Nonetheless, it expects the ringgit to give up some of its gains next year, with forecasts of 4.15 in 1Q2018, 4.20 in 2Q2018, 4.25 in 3Q2018 and 4.30 in 4Q2018, which is still an improvement from the 4.70 (1Q2018) to 4.60 (4Q2018) range in its old forecast.
Even so, foreign buying helped Bank Negara reserves gain an impressive US$1.9 billion in May to US$98 billion, its highest level since June 2015 when central bank reserves were last above the psychological US$100 billion mark. The US$1.9 billion monthly gain is also the highest monthly increase since September 2012’s US$2.5 billion gain, bringing total gains over five months to US$3.4 billion — exceeding the US$3.2 billion lost over November and December last year amid the central bank’s clampdown of the non-deliverable forward (NDF) market.
Foreigners, who sold RM62.7 billion of Malaysian debt papers between November last year and March this year, added RM10.1 billion worth of bond holdings in May this year after adding RM6.8 billion in April. Foreigners were also net buyers of equities, adding RM2.6 billion in April and RM2.1 billion in May.
Whether the trend on net foreign flows into Malaysia will continue going forward is “dependent on global risk appetite and how foreigners perceive the risk-reward for Malaysia”, says UOB Malaysia economist Julia Goh.
“We are seeing investors turning more positive, both foreigners and local investors. It helps that the US dollar has softened. Bank Negara has also liberalised the bond market and loosened some of the hedging measures that makes it more conducive to invest in Malaysia and hedge onshore. The export and gross domestic product prints have improved since the start of the year,” she adds.
Two key dampeners in the domestic market are speculation surrounding the timing of the next general election and the sizeable government bonds maturing later this year, particularly between August and September.
Goh, who thinks the positive sentiment on ringgit assets can be sustained, is “less worried about the bond maturities” following the sharp sell-off in the first quarter.
“I believe the current holders of Malaysia’s government bonds comprise longer-term holders that are deemed a more stable base,” she says.
“Recent foreign inflows saw more than 70% [flow] into medium to longer-term papers. At end-March, central banks and governments increased their holdings of government bonds to 34% of the total (versus 30% at end-2016) and pension funds to 19% (versus 17% at end-2016). As such, from … [the] type of holders and tenure of papers currently held, as well as the broad measures Bank Negara has taken to stem offshore ringgit speculation through the NDF market, the risk of another sharp selldown appears lower.
“Moreover, with forex flows between exports and imports more balanced, this improves the underlying support for reserves,” says Goh, describing the central bank’s foreign reserves as a “barometer of confidence” as it reflects the country’s war chest against external shocks.

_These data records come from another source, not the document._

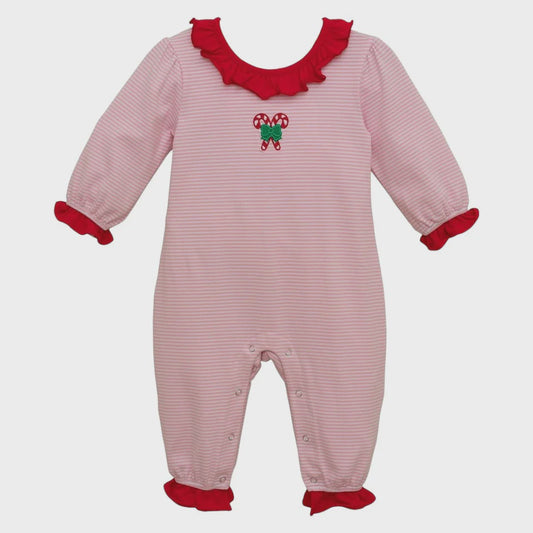 CHILDRENS CANDY CANE RUFFLE ROMPER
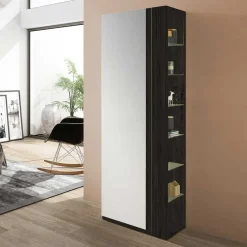 Wohnen 63x180x35 Schuh Schrank in Schwarzgrau - Raven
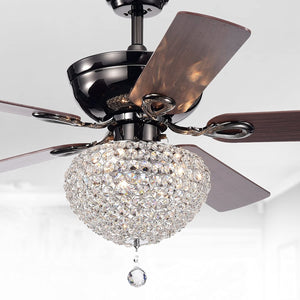 Warehouse of Tiffany CFL-8176CH 52 in. Taliko 3-Light Indoor Hand Pull Chain Ceiling Fan  Black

According to Goh, investors are “mindful” of a general election being around the corner but “long-term holders expect continuity of current economic policies”.
To be sure, inward-looking policies and macro-missteps from the US could still affect the global economy, including Malaysia.
For now, however, Goh says the Institute of International Finance (IIF) recently estimated that total non-resident inflows into emerging markets will rise to US$970 billion this year from US$718 billion in 2016, amid dissipating fears of a negative external shock from US policy. If true, that sizeable inflow would be a welcome respite for the ringgit. Malaysia will have to do its part in delivering on its growth story.